El problema había generado preocupación porque algunos usuarios habían descubierto cómo burlar el sistema de aviso luminoso, lo que permitía grabar a otras personas sin que estas fueran conscientes de ello. Las gafas ya incorporaban mecanismos para desactivar la cámara cuando se manipulaba físicamente el LED, pero el nuevo parche pretende cerrar específicamente la posibilidad de iniciar la grabación y posteriormente ocultar la luz.
La cuestión tiene especial importancia porque las gafas de Meta combinan cámara, micrófonos e inteligencia artificial en un dispositivo que puede utilizarse de forma aparentemente discreta. Las críticas han aumentado a raíz de casos de personas grabadas sin consentimiento, bromas realizadas en espacios públicos y otras situaciones de posible acoso. También han surgido inquietudes relacionadas con la incorporación de funciones de reconocimiento facial.

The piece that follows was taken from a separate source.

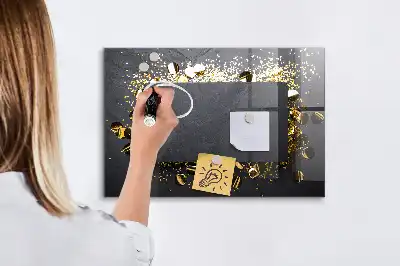 Magnetisch glazen planbord met gouden confetti design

Paralelamente, Meta ha puesto en marcha una campaña de comunicación pública para explicar cómo funciona el indicador de grabación. La compañía está colocando carteles y difundiendo vídeos en lugares donde sus gafas tienen una presencia importante. El mensaje central es sencillo: si la luz está encendida, las gafas están capturando imágenes; si no hay luz, no están capturando.
El caso pone de manifiesto uno de los grandes retos de las tecnologías vestibles con IA: no basta con incorporar mecanismos técnicos de privacidad, sino que estos deben ser comprensibles y visibles para las personas que rodean al usuario. La decisión de Meta combina así una solución técnica con una estrategia de educación pública, en un intento de recuperar la confianza ante el temor de que unas gafas capaces de grabar y procesar información de forma prácticamente invisible puedan convertirse en una herramienta de vigilancia cotidiana.